But during some discuss with Mrs.Qin, she thought my method was right. I only should add twenty-five test amples and then get some new test result.

2004年5月27日

Extension Theory

This morning, Dr.Tliu sent us some mails about Extension Theory. It was said that the creator of this theory would give a speech in our school this afternoon.

The background introduction of the creator, Cai Jing, and Extension Theory was very ample. It was said that Extension was one of the three national theories that were created by Chinese. And I spent soome time to find out what were the other two. And in Soft Sciense Handbook, the other two were Pansystem Methodology and Grey Theory. The creators were admired by all of us.

And on the lecture Mr.Cai Jing gave us the outline of Extension Theory. This theory was very active. It had been extent a lot.

There were not any example of the extension theory applied in NLP and IR. So when I had free time, I would learn it and try to use it with Grey Theory in NLP and IR.

So lucky to learn it.

2004年5月26日

Visiting Arboretum

There was some high need of our English class to have a collective activity. And after some harmony, we only had 27th, May, scilicet today.

This morning, we, about twenty of all classmates, gatherd in front of Dianji Building. By the eighty-one line bus, we came to the arboretum.

Today was the birthday of Sakyamuni. It was the most important festival for each buddhist. And our teacher was a buddhist.
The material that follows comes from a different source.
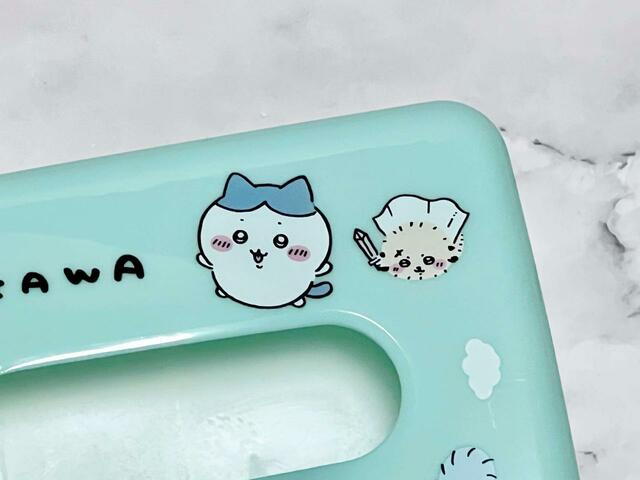 ハチワレの横には尊敬するラッコが…！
She brought about sixty birds and all of us help her to free captive animals.

After the freeing captive animals ceremony, we began to visit the arboretum. We were so delight that we played with water, played card, kicked shuttlecock, skipped rope, cycled and had our lunch.

We all fell delight. When we came back, all of our classmates had a dine together.
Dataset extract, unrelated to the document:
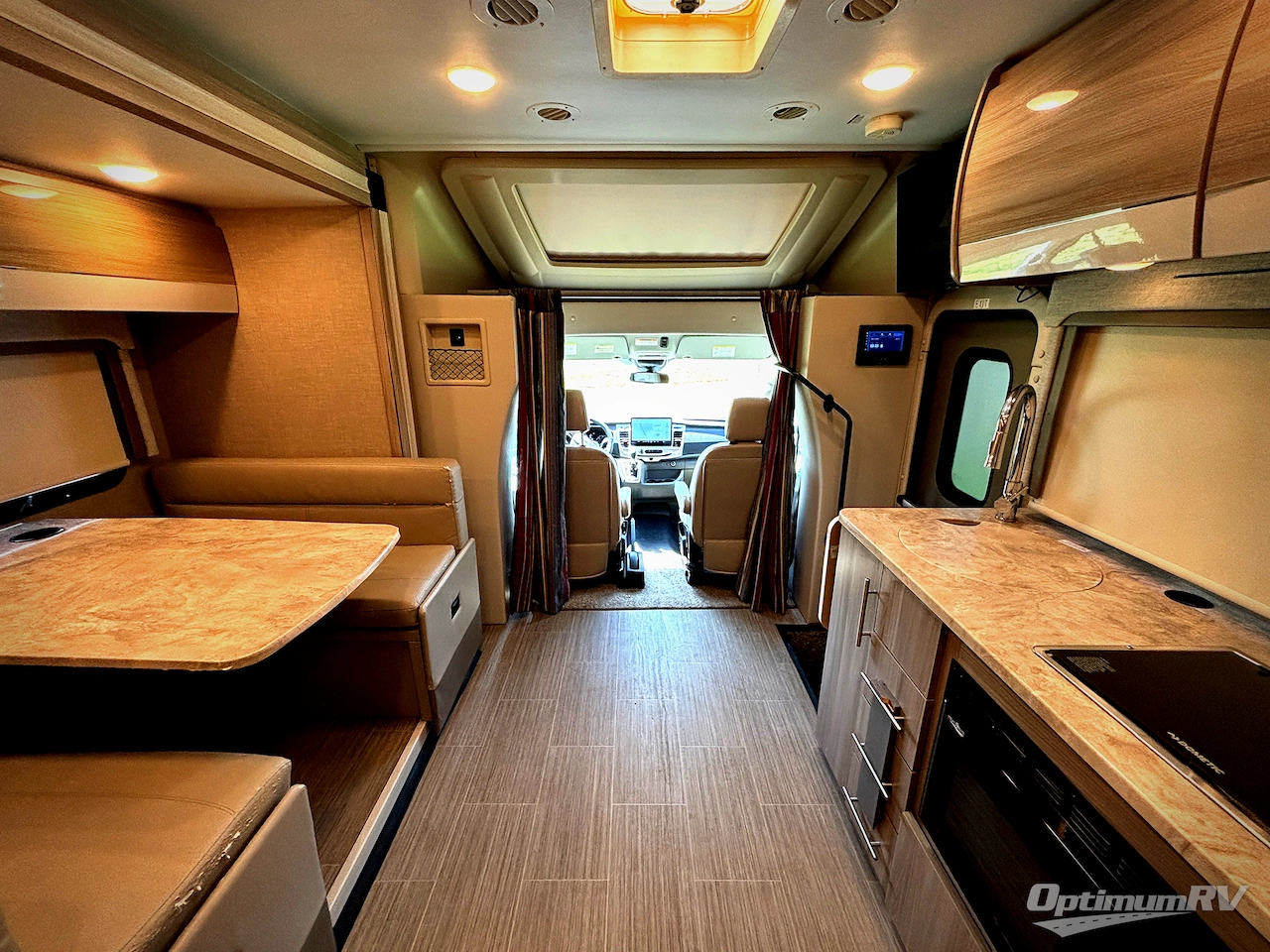 2023 Thor Compass 23TW Photo 4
I thought when we were playing, we should enjoy ourself; when we were working, we should try our best. Tomorrow, I must finish my ppt task.

2004年5月25日

Design tree for CR

Right now there were ninety-one samples of my NP tagged corpus. And based on them I had obtain the design tree.

Decision tree:

J是I的抽取 = T: T (4.2)
J是I的抽取 = F:
:...J是I的子串 = T: T (5.4)
J是I的子串 = F:
:...IJ全匹配 = T: T (8.6)
IJ全匹配 = F:
:...I的类型 in {P,T,D}: F (6.6)
I的类型 in {H,O,G}:
:...J的类型 in {H,P,O,T,G}: F (29.6/6.1)
J的类型 = D:
:...I的类型 = H: T (8.1)
I的类型 in {O,G}:
:...I的性别 = M: F (0)
I的性别 = F: T (2.2)
I的性别 = U:
:...J的性别 in {M,F}: F (11.9/2.1)
J的性别 = U: T (14.4/2.6)

I thought the tree was beautiful. But there was another that the number of the samples were fewer. So tomorrow, I must tag more to finish my recent work.

2004年5月24日

The CR tagging work

In order to finish my CR task, I had studied a lot and learned much. And the current bottle neck sub tack of my CR task was the CR relation tagging.

Based on the Noun Phrase tagged corpus that resulted from my program, I began to tagging the corpus. Followed by some papers' examples, I chose some attributes to list a table. There were about sixteen attributes. However, when I began to tag some articles, I fell the tagging task not easy.

I should tag them as soon as possible. But at the same time I had lots of other tasks. So I could do them with each crossing with others.

I had tagged about twenty-seven examples.

Let me keep on!!

2004年5月23日

Love knot with the graduating

An old classmate, who had drunk lot of beer, told me a lot about the love knot with the graduating.

Yes, I thought so. When the graduating date was nearar to us, we all had some more special feeling about it.

So complicated to express myself. I should had another quiet time to express it in my blog.

2004年5月22日

Doctoral Machine Learning Lesson

This morning, the doctoral machine learning lesson was held in A Building Room 206. This was the fourth time of this lesson. And I had "stolen" three lessons.

This class was very good. When I first came to this class, the teacher, who was a famous expert, gave us a clearly outline of this area, including international and national situation and famous persons.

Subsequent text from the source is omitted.